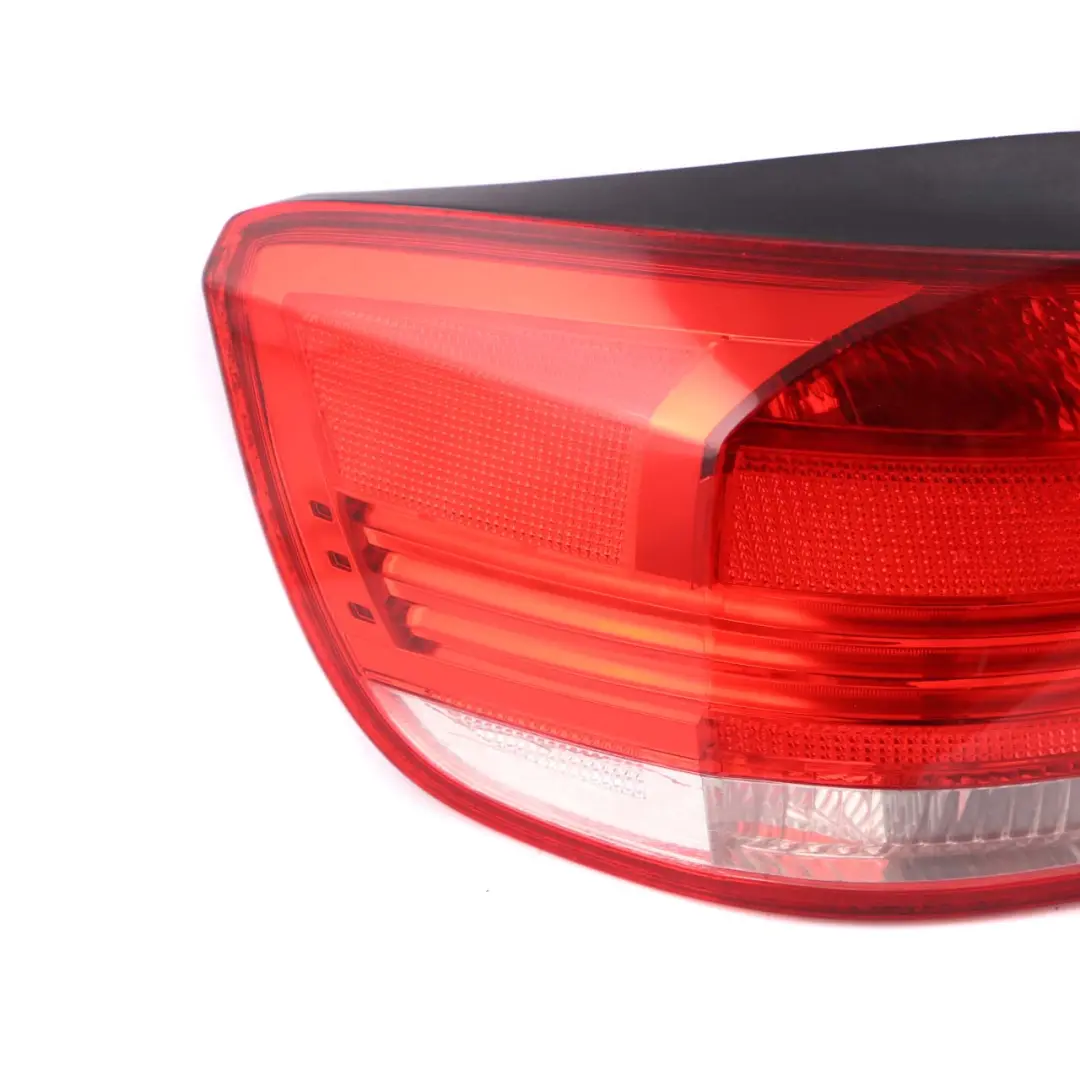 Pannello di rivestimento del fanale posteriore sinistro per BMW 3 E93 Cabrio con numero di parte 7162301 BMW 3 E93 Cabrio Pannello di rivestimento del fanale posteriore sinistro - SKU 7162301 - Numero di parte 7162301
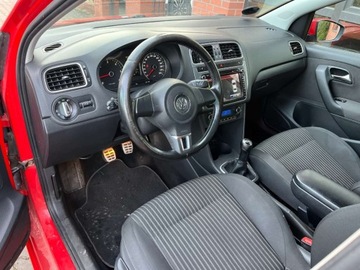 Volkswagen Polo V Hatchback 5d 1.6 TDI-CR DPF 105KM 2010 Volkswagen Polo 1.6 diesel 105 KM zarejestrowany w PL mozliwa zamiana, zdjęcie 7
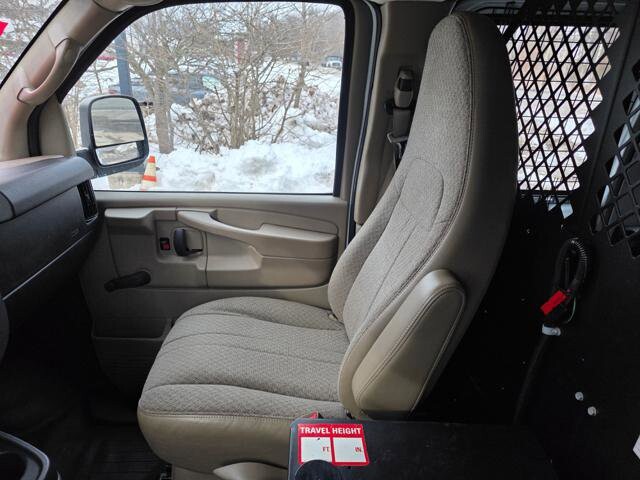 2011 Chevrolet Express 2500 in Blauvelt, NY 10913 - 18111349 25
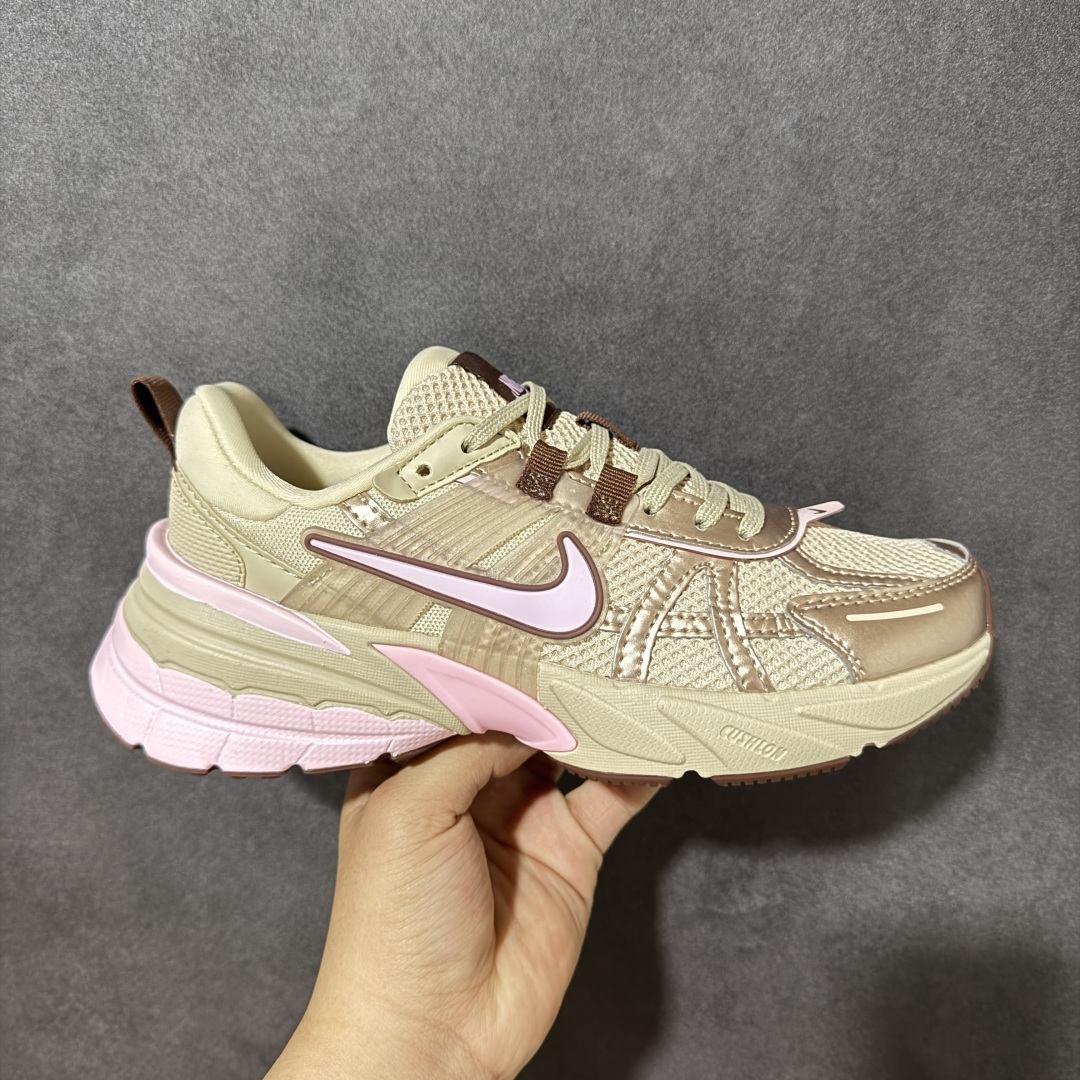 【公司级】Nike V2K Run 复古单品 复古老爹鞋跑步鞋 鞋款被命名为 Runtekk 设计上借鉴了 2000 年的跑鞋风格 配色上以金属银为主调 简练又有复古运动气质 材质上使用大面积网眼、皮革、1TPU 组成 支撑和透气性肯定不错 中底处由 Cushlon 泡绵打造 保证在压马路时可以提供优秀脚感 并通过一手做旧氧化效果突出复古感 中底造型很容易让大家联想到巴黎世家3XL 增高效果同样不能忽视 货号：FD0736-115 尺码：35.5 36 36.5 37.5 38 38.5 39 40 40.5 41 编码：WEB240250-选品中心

• _Work instructions_: Print the complete listing exactly as it stands, without its pictures.

• _Response area_:
 Pannello di rivestimento del fanale posteriore sinistro per BMW 3 E93 Cabrio con numero di parte 7162301 BMW 3 E93 Cabrio Pannello di rivestimento del fanale posteriore sinistro - SKU 7162301 - Numero di parte 7162301
 Volkswagen Polo V Hatchback 5d 1.6 TDI-CR DPF 105KM 2010 Volkswagen Polo 1.6 diesel 105 KM zarejestrowany w PL mozliwa zamiana, zdjęcie 7
 2011 Chevrolet Express 2500 in Blauvelt, NY 10913 - 18111349 25
 【公司级】Nike V2K Run 复古单品 复古老爹鞋跑步鞋 鞋款被命名为 Runtekk 设计上借鉴了 2000 年的跑鞋风格 配色上以金属银为主调 简练又有复古运动气质 材质上使用大面积网眼、皮革、1TPU 组成 支撑和透气性肯定不错 中底处由 Cushlon 泡绵打造 保证在压马路时可以提供优秀脚感 并通过一手做旧氧化效果突出复古感 中底造型很容易让大家联想到巴黎世家3XL 增高效果同样不能忽视 货号：FD0736-115 尺码：35.5 36 36.5 37.5 38 38.5 39 40 40.5 41 编码：WEB240250-选品中心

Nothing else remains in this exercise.